Primo esperimento in città per salvare la gloriosa società neroverde Il Paganica premiato in Comune per la promozione nella serie B
L’AQUILA. Già sperimentato in altre città europee, si sta lavorando per far nascere per la prima volta in Italia, in particolare a L’Aquila, un “crowdfunding”, letteralmente un «finanziamento della folla», in sostegno della principale società di pallaovale cittadina e regionale.
L’iniziativa, denominata “Rugby L’Aquila people” è ideata dai ragazzi del CoRolo, gruppo di tifosi di Preturo (L’Aquila) appassionati del rugby, che si sono lanciati nell’iniziativa dopo quattro mesi di studio. Il progetto si strutturerà in tre step: la fase del “c’ero anch’io”, una sorta di conta dei tifosi dell’Aquila Rugby, quella delle adesioni e illustrazione del progetto di azionariato diffuso; e, infine del “crowdfunding”, cioè la raccolta quote di partecipazione societaria.

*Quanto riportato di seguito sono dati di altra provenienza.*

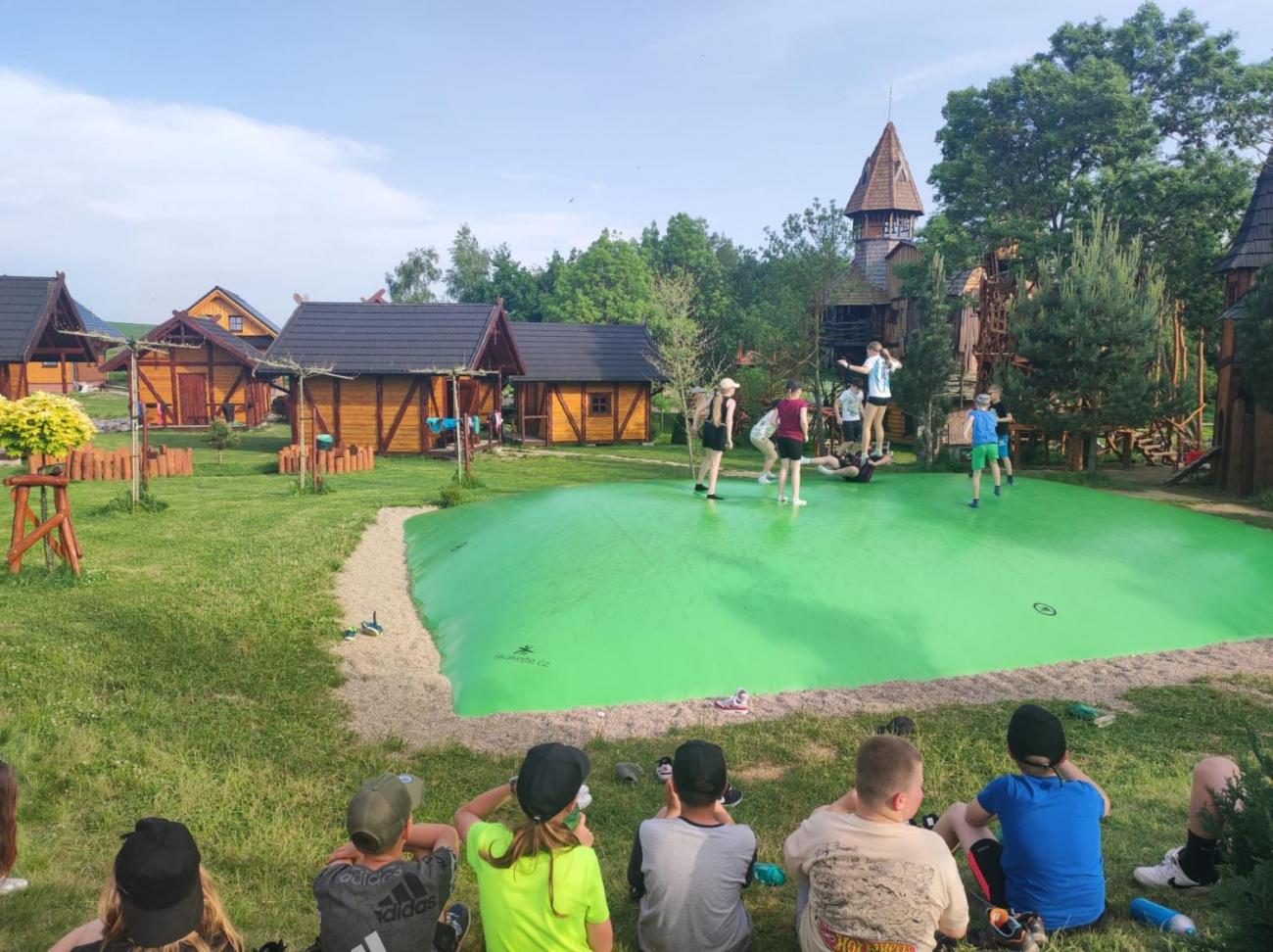 Školní výlet do outdoorového resortu Březová  5.A a 5.B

Non è automatico che alla prima fase seguano le altre: tutto dipenderà dalla risposta della città al momento diffidente dei colori neroverdi. Fino alla fine di agosto i tifosi, una quindicina, svolgeranno un vero porta a porta per arrivare almeno a 1.500 adesioni nella fase della conta. A spiegare la prospettiva di una “società di tifosi”, da non confondere con il “supporters trust” del calcio, è stato Giampiero De Santis affiancato nella presentazione da Danilo Cianca e Francesco Camerini. «Bisognerà capire perché siamo arrivati a 100 persone che seguono la squadra di rugby», ha esordito, «la nostra idea è costituire un fondo strutturale negli anni, con l’azionariato popolare in un’ottica di trasparenza. Paradossalmente la nostra città ha più seguito delle altre, ma è un seguito passivo». «Mauro Zaffiri, nuovo presidente di una società di transizione, nelle sue dichiarazioni ha detto di voler riportare la città al rugby», ha proseguito, «il nostro obiettivo è lo stesso, ma con modalità differenti. Noi avremo un percorso autonomo e una volta capita la nostra forza ci confronteremo con la società. Se i numeri non saranno significativi, ci fermeremo». L’idea coinvolgerà gli ordini professionali, le imprese di natura commerciale e tutti i cittadini. Attori che, in fase di raccolta, potrebbero donare quote differenti rispetto alle proprie potenzialità economiche. Si coinvolgeranno anche ex giocatori.
Paganica Rugby. Riconoscimeto ieri in Comune per il Paganica Rugby, promosso in serie B. La squadra è stata ricevuta nella sala consiliare dal sindaco Cialente e una rappresentanza di consiglieri comunali.
Al presidente Virgilio Paiola, al tecnico Sergio Rotellini e al capitano Massimo Cinque è stato consegnato un rosone, simbolo della città.(a.l.-t.c.)